Then taking it up to the next level — how do we process information? Our visual system is the highest bandwidth conduit into our brain. It's one of our most effective senses as we navigate the world. That's the kind of physiology that we build on when we're constructing good data visualizations. So, we know that it's a very effective tool for conveying information, but that it still requires a thoughtful design to turn an okay visualization into a great one. It means focusing on what the story is in the visualization.
Are we making sure that the story that we want to tell and the facts that we were interested in expressing are popping to the surface? Are they not being clouded out by other noise in the visualization? So, assuming the data is good, it's really a matter of making sure that the encodings or the channels that we're constructing in that visualization are mapped to the facts and the data that we think is most important to convey. When those two are lined up, visualization can be a really powerful tool for conveying information.
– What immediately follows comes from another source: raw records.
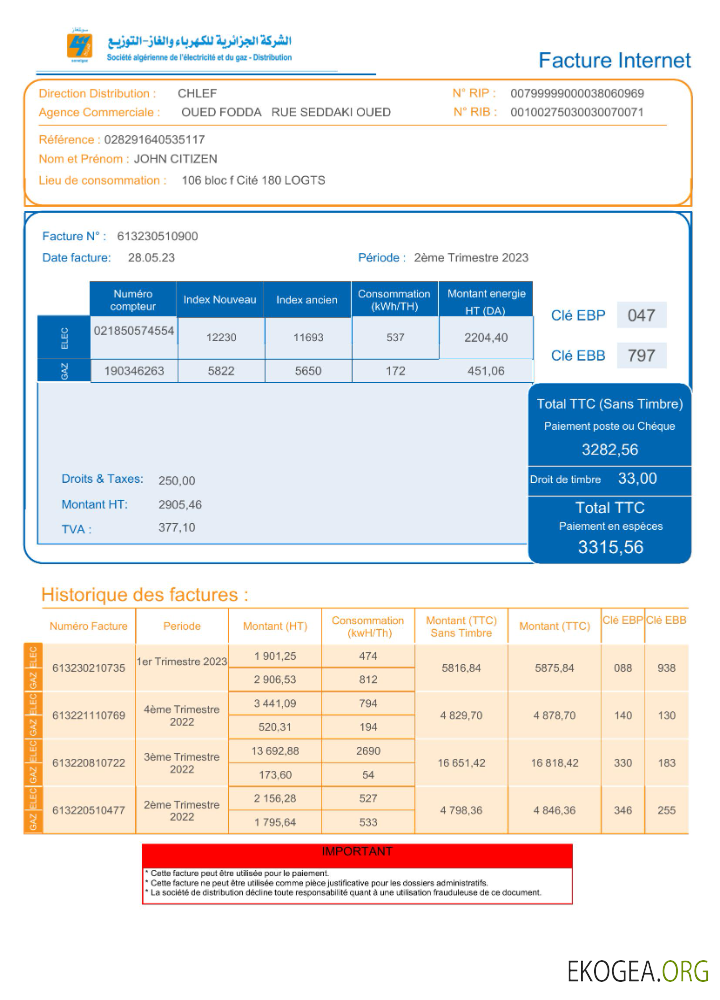 Algeria Societe Algerien Distribution internet utility bill Word and PDF template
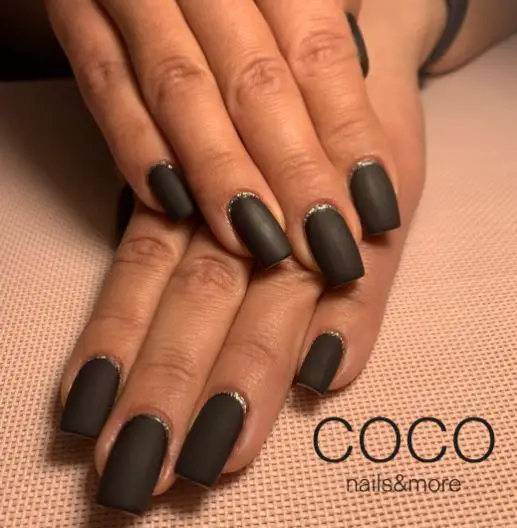 Matte Black Nails with Silver Glitter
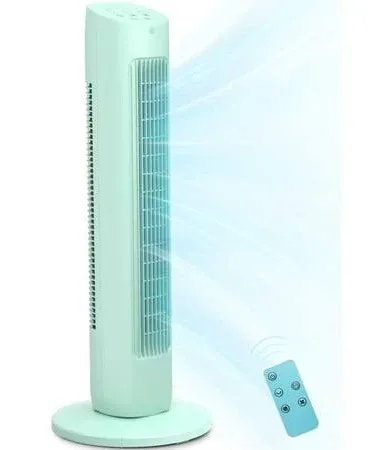 KISSAIR Tower Fan for Bedroom, 85° Oscillating Fans with 3 Speeds, 15H Timer, Portable 30", Normal/Natural/Sleep 3 Fan Modes, Freestanding Tower Fans, Green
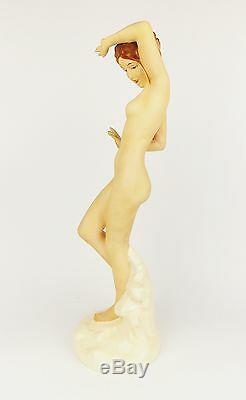 TOP Rare Antique 1920 ROYAL DUX Art Deco Dancer Figurine Women Naked Act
CPM: I think it was the University of Minnesota that said the human brain processes visuals 60,000 times faster than they do text. That ingestion of information is quite rapid with a well-constructed visualization. On that note of trying to highlight the specific insight that you want to communicate, how do you go about that process?
There's so much information that's within data. Assuming that the data set has been mined accurately and constructed in a well-designed way, how do you hone in on that insight and start telling a story with the visualization?
Nathan: This is where this is still a very human-centered process. When we're building a visualization or constructing a template for automated future visualizations that we might want to construct, most datasets have more than one or two or three fields in them. It's really important to understand what the key things for this particular visualization are and try to not overload that.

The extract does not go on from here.